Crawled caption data
************
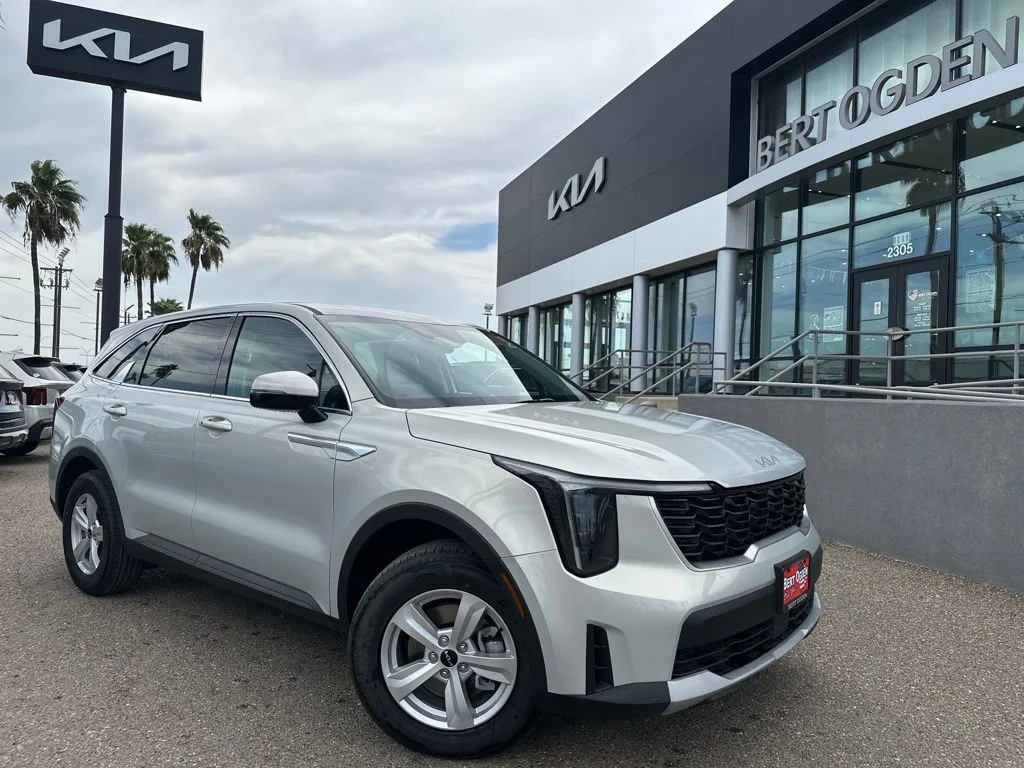 New 2026 White Kia LX image 1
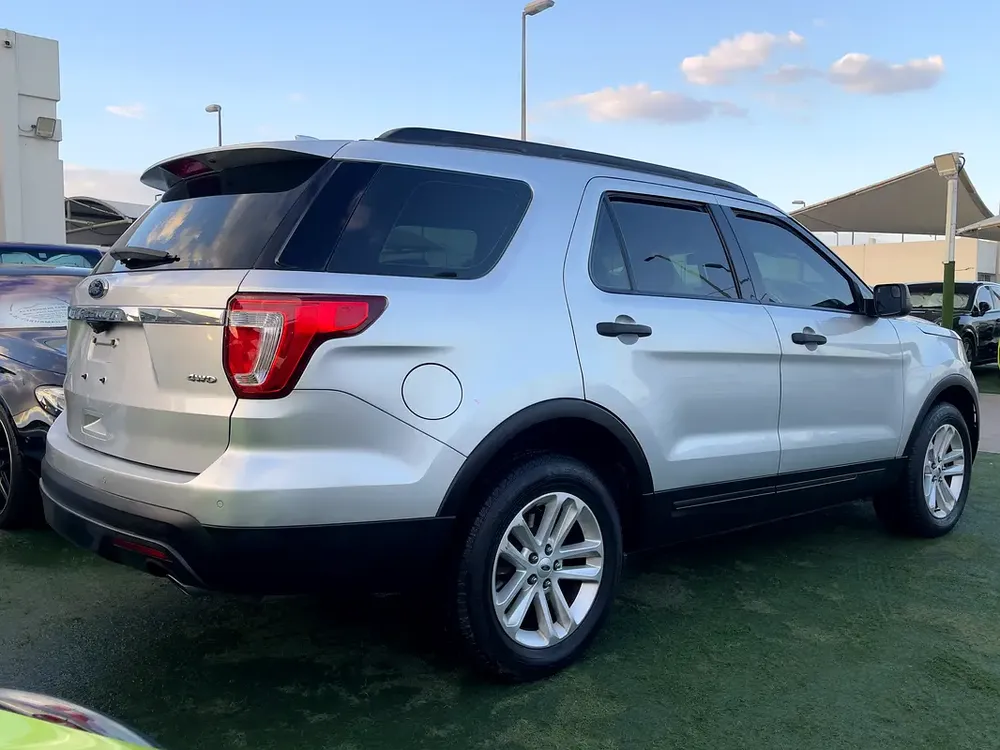 4x4 2017 GCC Ford Explorer // Super Clean// No Accident Or Mechanical Issue// Fully Maintained Car - Image 6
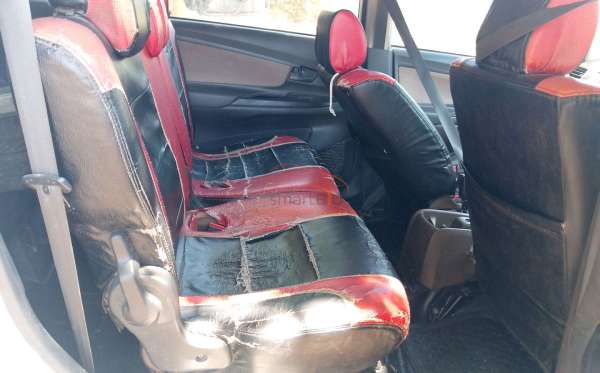 TOYOTA AVANZA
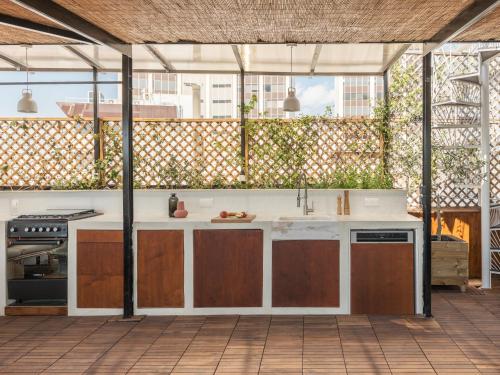 Unique solar penthouse with jacuzzi and sauna in central Athens
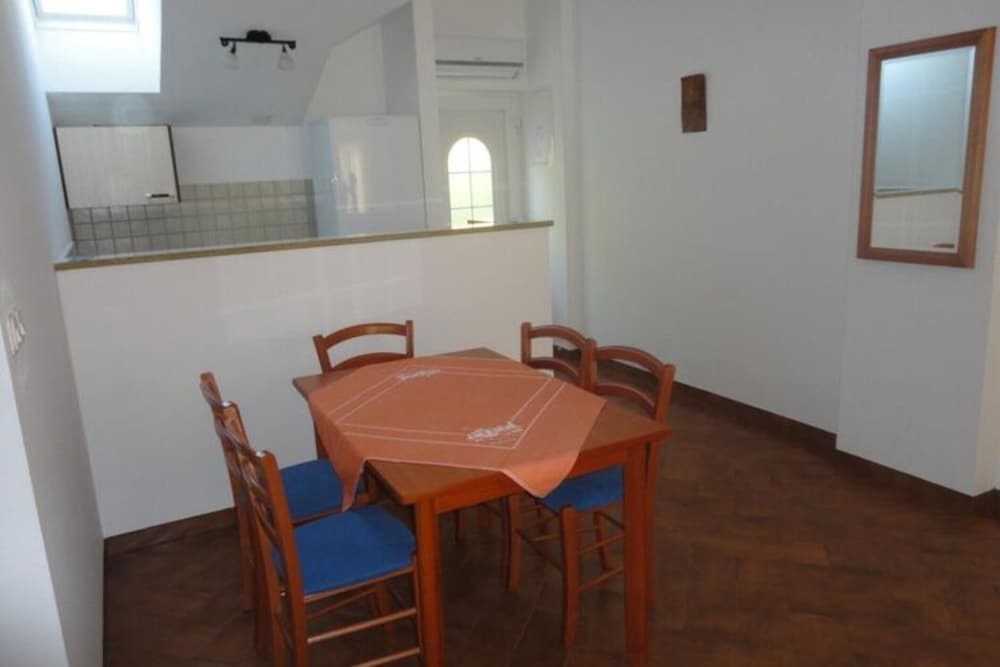 Apartment photo 3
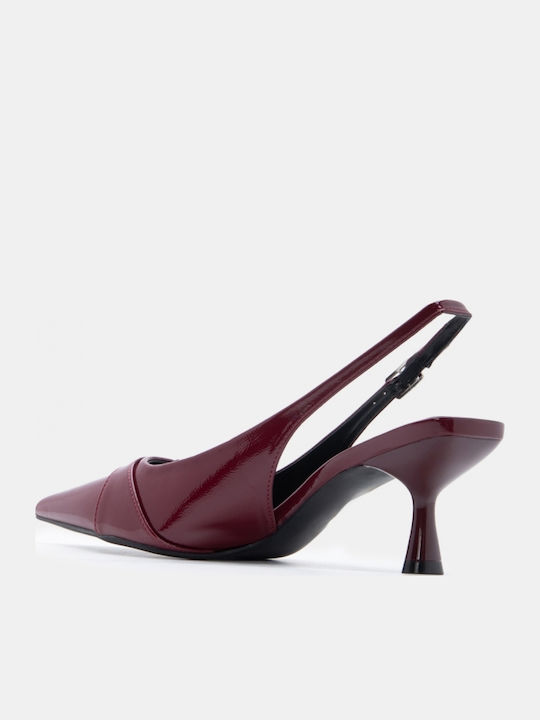 Spitze Zehe Pumps mit Riemen & Mittlerem Absatz Burgundisch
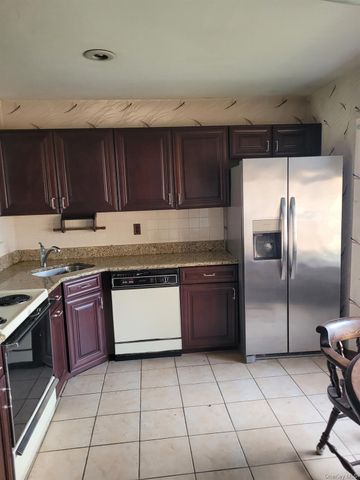 174 Melanie Way, Commack, NY 11725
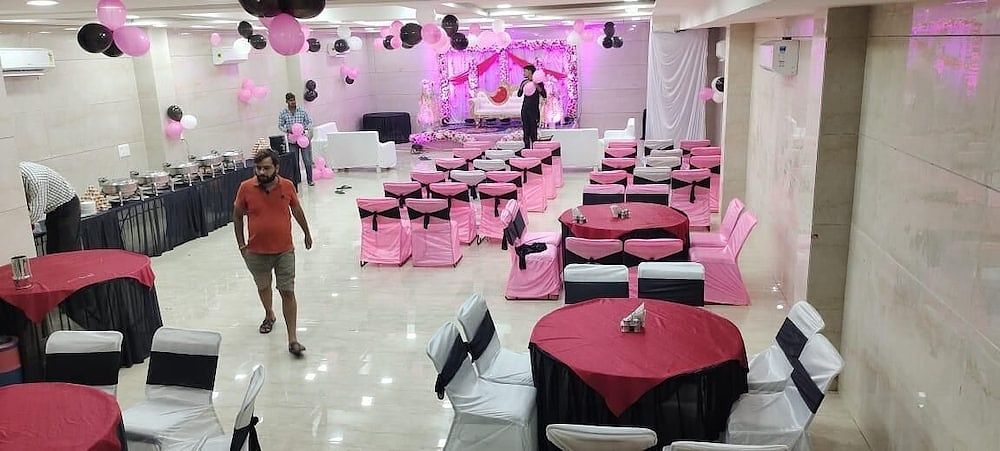 Hotel The Golden Taj By The Golden Taj group & Hotels Deluxe Room 6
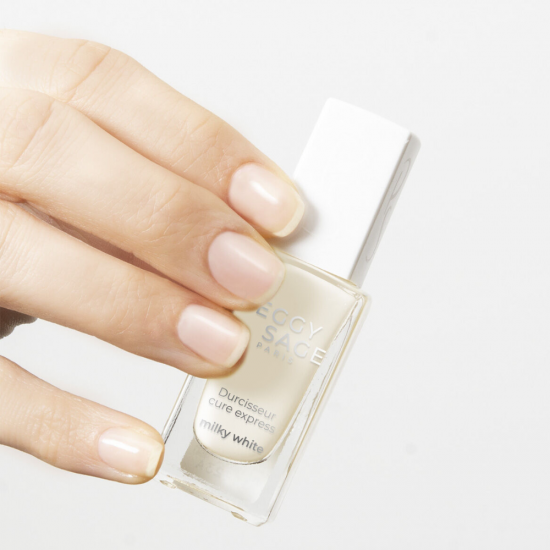 Cure Express Θεραπεία νυχιών - milky white 11ml Cure Express Θεραπεία νυχιών - milky white 11ml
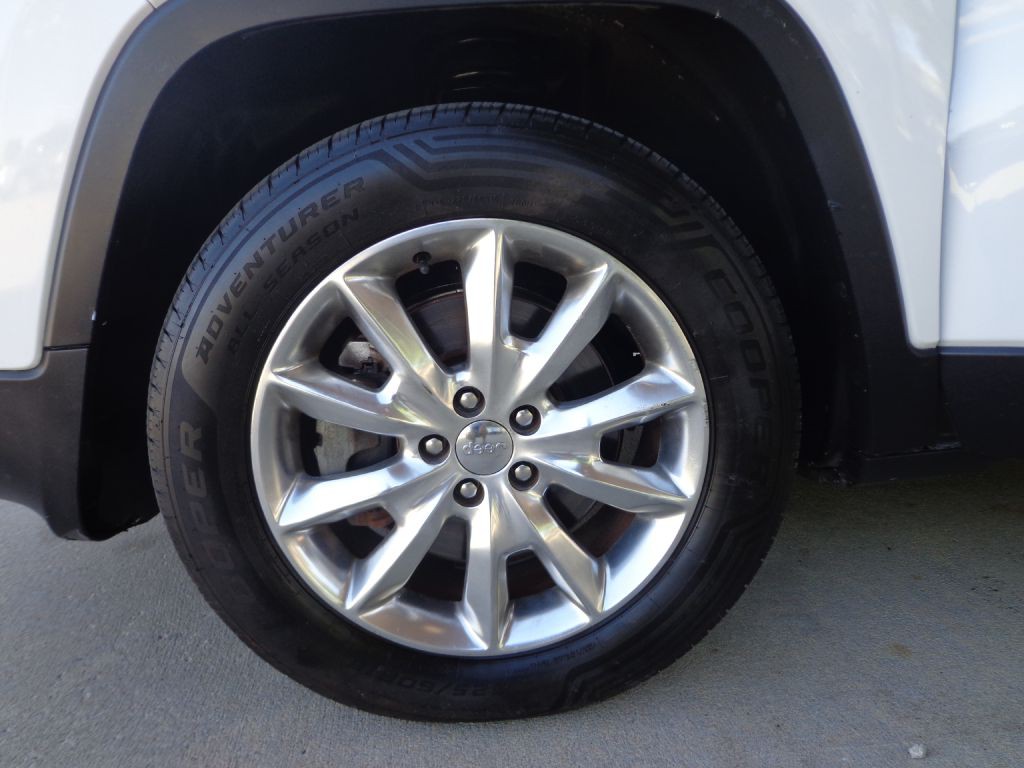 2015 Jeep Cherokee Image 8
************
Brief: The stretch to restate runs from the line above containing "Apartment photo 3" through the line containing "Hotel The Golden". Copy it word for word, ends included, without pictures.

Task output:
 Apartment photo 3
 Spitze Zehe Pumps mit Riemen & Mittlerem Absatz Burgundisch
 174 Melanie Way, Commack, NY 11725
 Hotel The Golden Taj By The Golden Taj group & Hotels Deluxe Room 6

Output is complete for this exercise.